Sin´drasza spürte in ihren winzigen Herzen denselben Drang nach Schätzen, der auch in ihrem innewohnte.
Die Ältesten schlossen mit dem mächtigen Drachen einen magischen Bund. Ein Pakt, an dem alle Schwärme – Hortling wie Drache – über alle Zeitalter hinaus gebunden sein sollten: Sin´drasza und ihre Abkommen würden die Hortlinge vor der rauen Welt beschützen und verstecken. Im Gegenzug dafür sollen ihre Schützlinge den Schatzhort eines jeden Drachen weiter anhäufen.

Denn die Drachen sind zu faul und zu schläfrig, um ständig nach neuen Schätzen zu suchen. Manche taten es noch selbst. Aber die anderen fliegen nur noch zum Fressen hinaus und schlafen auf ihren stetig wachsenden Goldbergen.

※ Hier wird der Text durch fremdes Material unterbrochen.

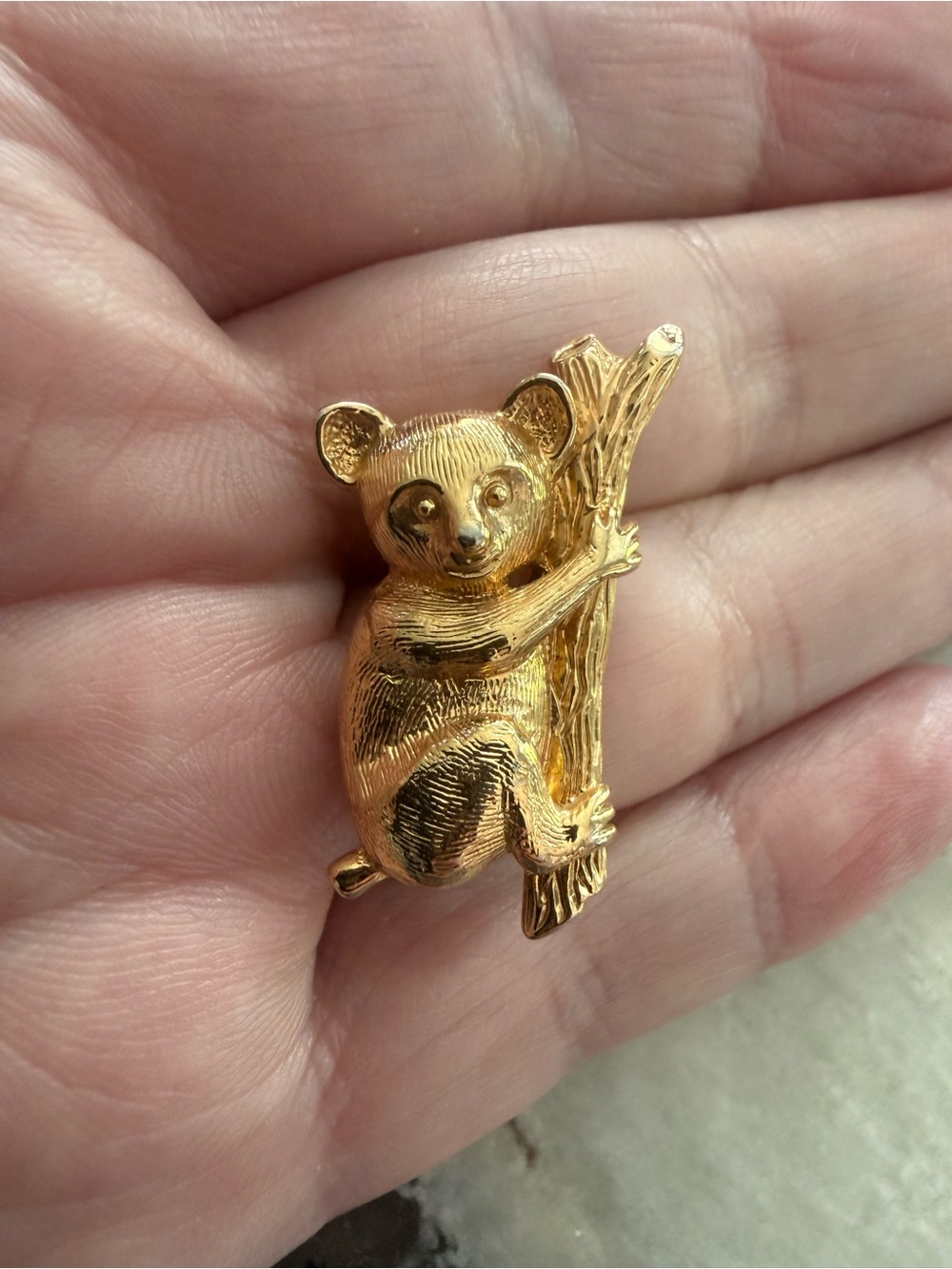 Vintage Sarah Coventry Koala Bear Brooch Pin Textured Gold‎ Tone Figural
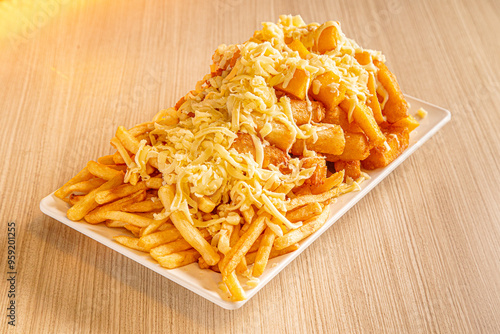 French fries with cheese
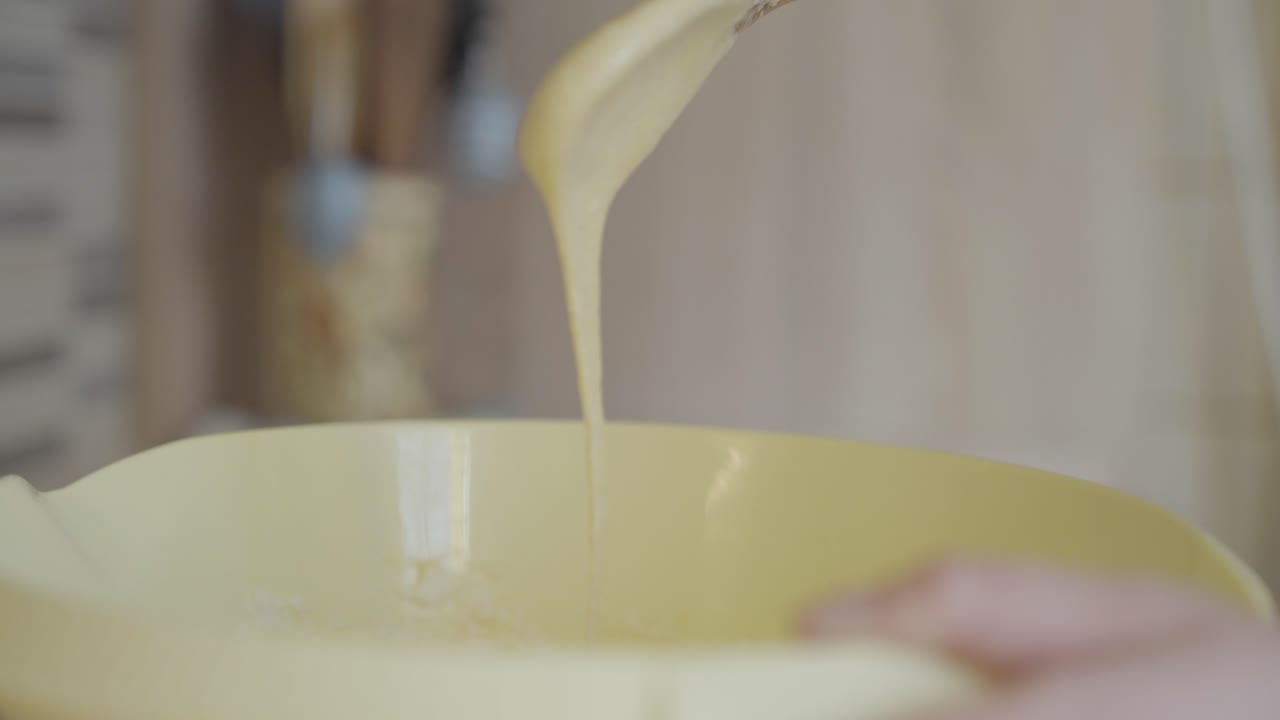 번트 케이크용 반죽을 섞는 여자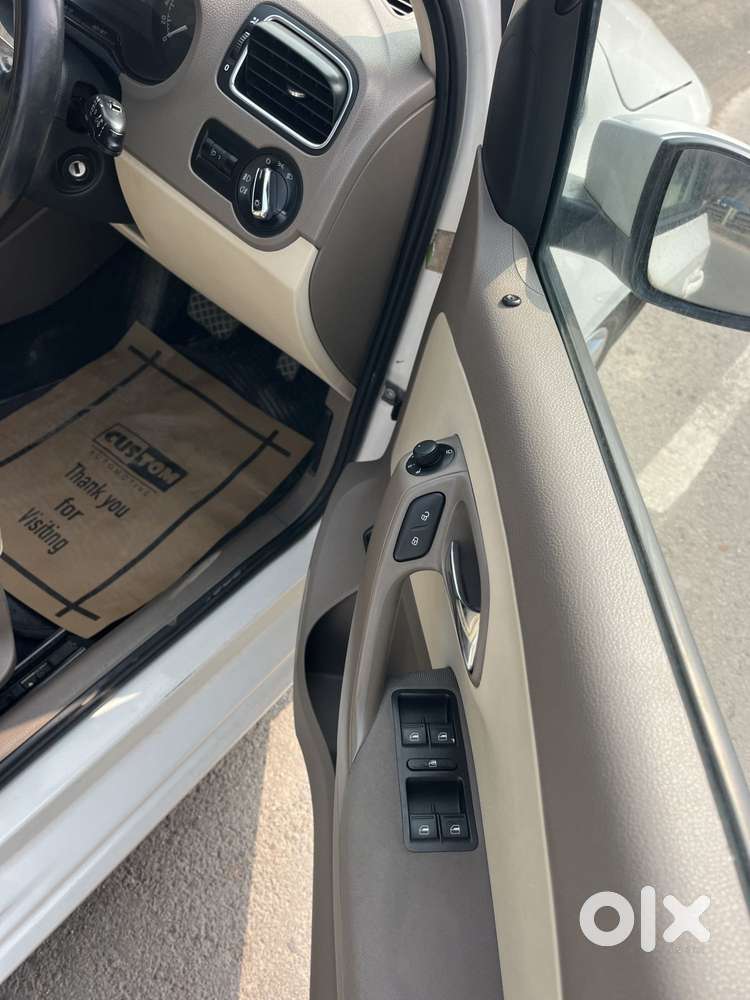 Skoda Rapid 1.6 Mpi At Style, 2016, Petrol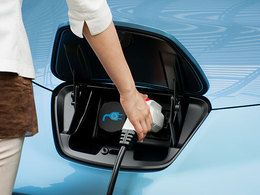 Nissan offre 400 bornes de recharge à l'Europe pour développer la mobilité électrique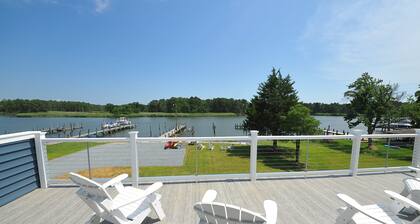 Waterfront w/upper sundeck and private pier located near Rock Hall, sleeps 18.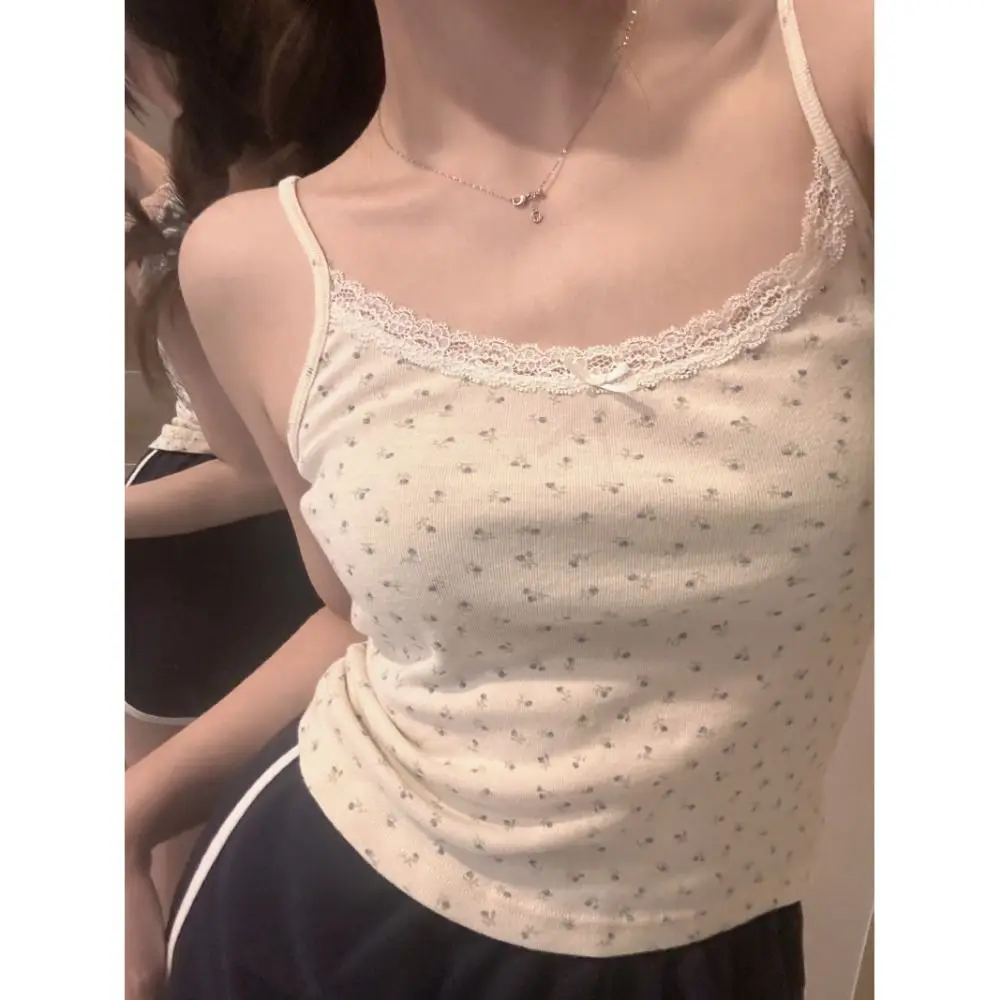 Women Floral Short Sleeves T-shirt Trendy Female U Collar Slim Fitting Bottoming Shirt Ladies Crop Top Camisole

Für ihre Aufgabe schenkte Sin´drasza den Hortlingen einen kleinen Teil ihrer magischen Kräfte. Sie erhielten den Mantel der Aspekte, bei denen sie sich für kurze Zeit unsichtbar machen können. Denn auch auf ihren Beutezügen, darf niemand etwas von diesem kleinen Volk erfahren. Dies und dass sie keiner Seele Leid zufügen wollen, sind die obersten Gebote der Hortlinge.

Doch jetzt wurden sie entdeckt. Und ihre Entdeckung wird sich zum Guten oder Schlechten für das gutmütige Volk der Hortlinge wenden.